◆ Exercise description
Using only the entries below, output the lines starting at the one containing "公司貨 免運 Trainbo舞蹈芭蕾旋轉板神器圓形轉盤轉圈練習旋轉四位轉花樣滑冰" and ending at the one containing "高二物理磁现象和磁场ppt课件_第1页", exactly and inclusive of both, omitting the pictures.

◆ Available records
Start of Block

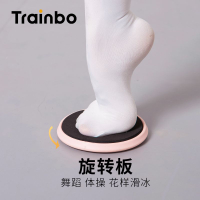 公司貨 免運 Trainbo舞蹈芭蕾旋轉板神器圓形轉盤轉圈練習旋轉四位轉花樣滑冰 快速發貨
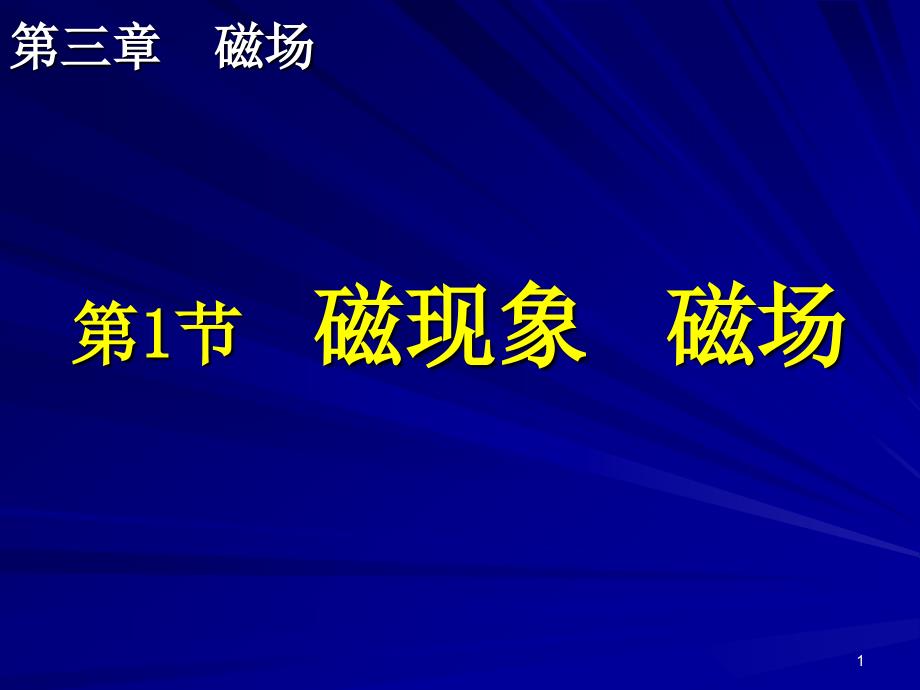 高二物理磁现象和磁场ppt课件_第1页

End of Block
Start of Block

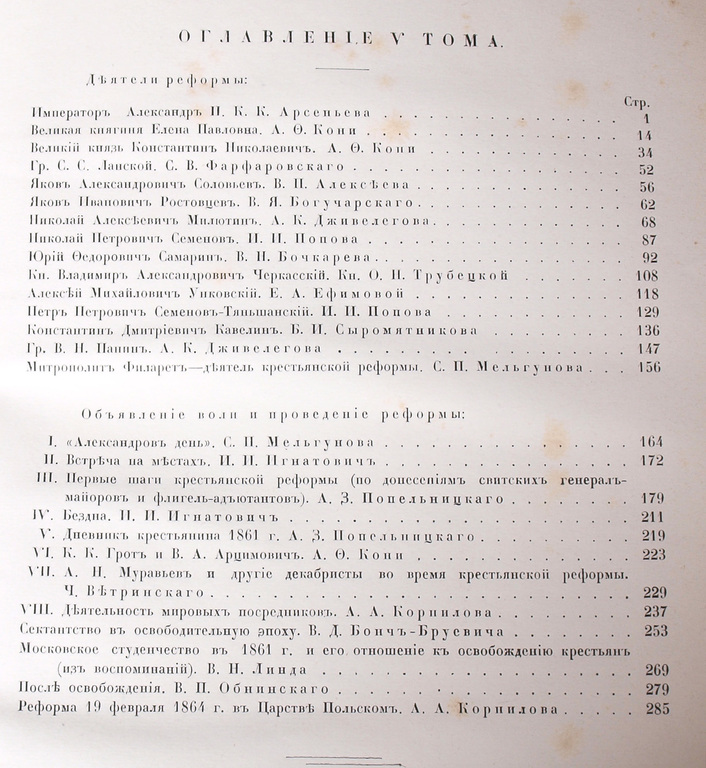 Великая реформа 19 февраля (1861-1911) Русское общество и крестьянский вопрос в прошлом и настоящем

End of Block
Start of Block

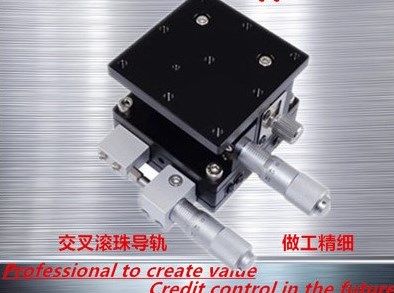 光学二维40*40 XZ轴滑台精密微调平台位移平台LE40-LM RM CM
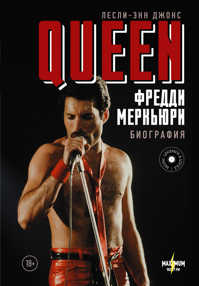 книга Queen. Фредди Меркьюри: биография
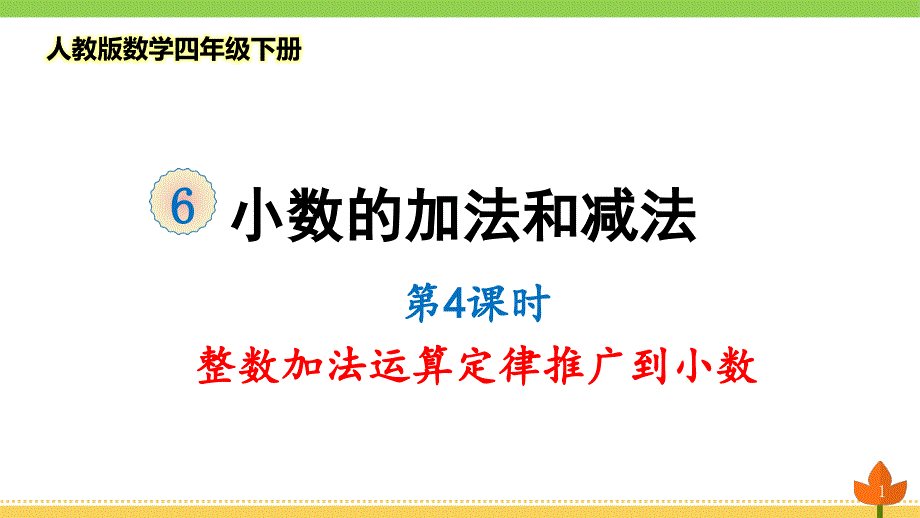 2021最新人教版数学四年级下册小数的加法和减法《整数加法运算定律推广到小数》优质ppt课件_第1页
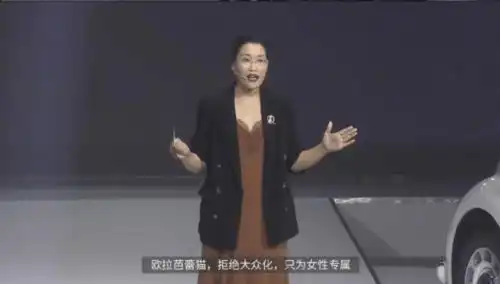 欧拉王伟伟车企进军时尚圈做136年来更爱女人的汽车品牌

End of Block

◆ Expected answer
 公司貨 免運 Trainbo舞蹈芭蕾旋轉板神器圓形轉盤轉圈練習旋轉四位轉花樣滑冰 快速發貨
 高二物理磁现象和磁场ppt课件_第1页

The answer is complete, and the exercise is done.